- Location: British Columbia, Canada
- Coordinates: 55°20′25″N 123°04′35″W﻿ / ﻿55.34028°N 123.07639°W
- Type: Lake
- Primary inflows: Morfee Creek
- Catchment area: 48 km^{2} (19 sq mi)
- Max. length: 3.6 km (2.2 mi)
- Max. width: 1.6 km (0.99 mi)
- Surface area: 2.93 km^{2} (1.13 sq mi)
- Max. depth: 43 m (141 ft)
- Shore length^{1}: 15.3 km^{2} (5.9 sq mi)
- Surface elevation: 722 m (2,369 ft)
- Islands: 3
- Settlements: Mackenzie, British Columbia

= Morfee Lake =

Lake in British Columbia

Morfee Lake is a lake within the Misinchinka Ranges of Northern British Columbia and is approximately 2.93 km^{2} (2.2 mi^{2}) in size. It is located within the boundaries of the District of Mackenzie and is also the source of drinking water for the community.
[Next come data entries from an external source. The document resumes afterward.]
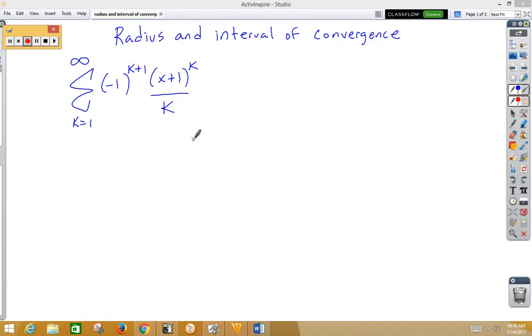In this video, we're taking a look at radius and interval of convergence. Here we're given a series, and the first thing we would want to do is the ratio test.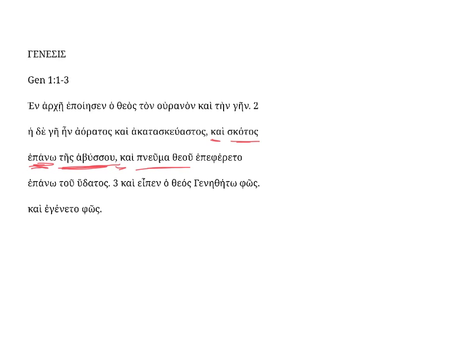And pneumathau, the spirit, ta pneuma, this is a neuter singular nominative noun, the spirit of God,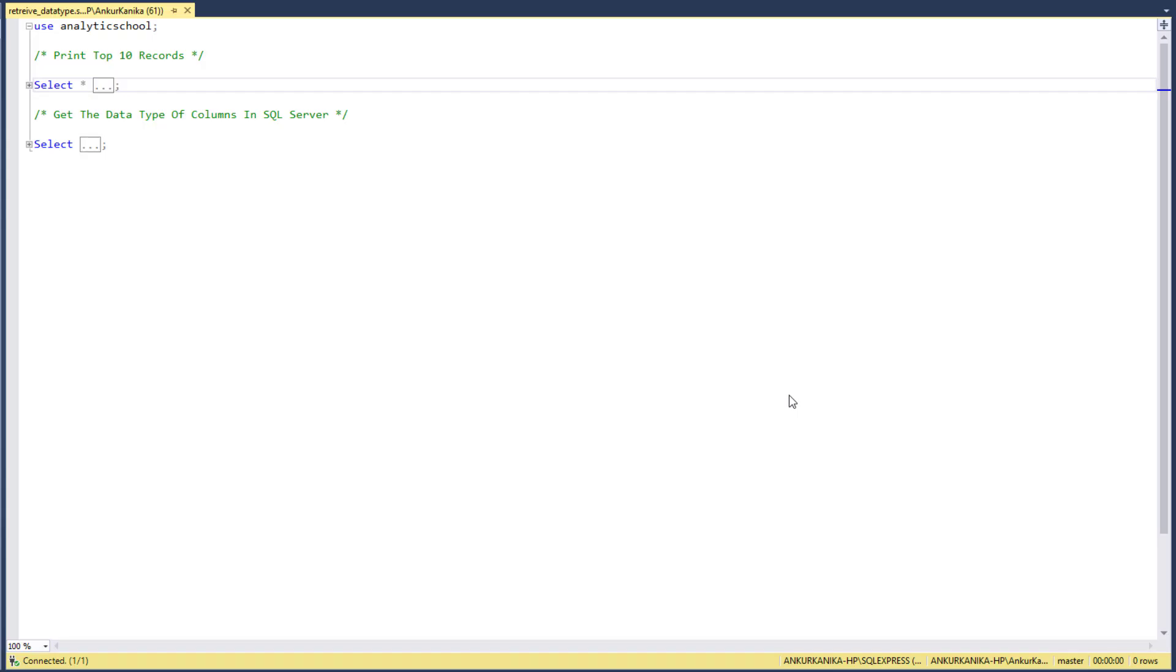Hi all, welcome to analytics school. If you're working on any analytics project, the first thing we do is to look at how the data looks, so we can use SELECT statement in SQL to print the top 10 records or top 5 records, or if you want to look at the whole table we can use SELECT.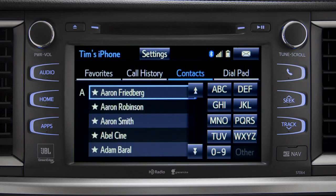We're looking at all contacts here. If you want to add a name to your favorites list, tap the star next to the name and it will highlight.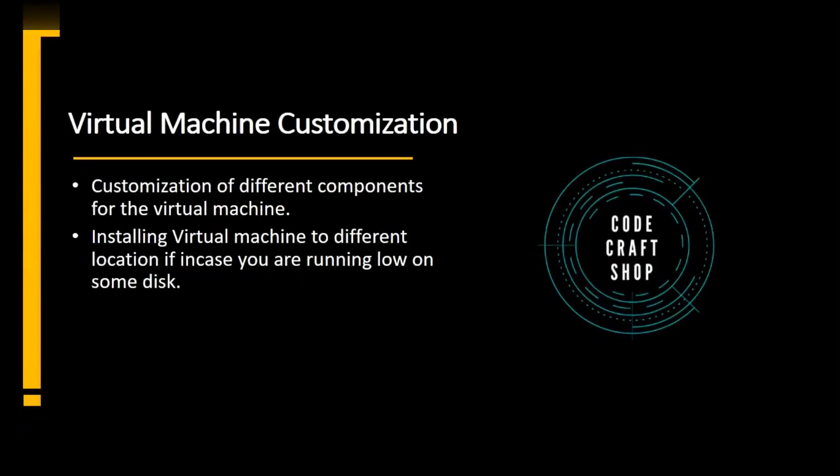Virtual machine customizations of different components for the virtual machine, installing virtual machine to a different location in case if you are running low on some disk.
Named after Flight Lieutenant Alan Morfee, Royal Canadian Air Force who flew the earliest air photography of the region in the early 1930s. The nearby Mount Morfee and Morfee Creek are also named after Flight Lieutenant Morfee, as well as an island near Tofino, BC.

The lake has two maintained beaches and one maintained boat launch. The southern half of the lake is reserved for non-motorized boating. A hiking and mountain biking trail extends around the lake and connects to a broader network of trails within the community.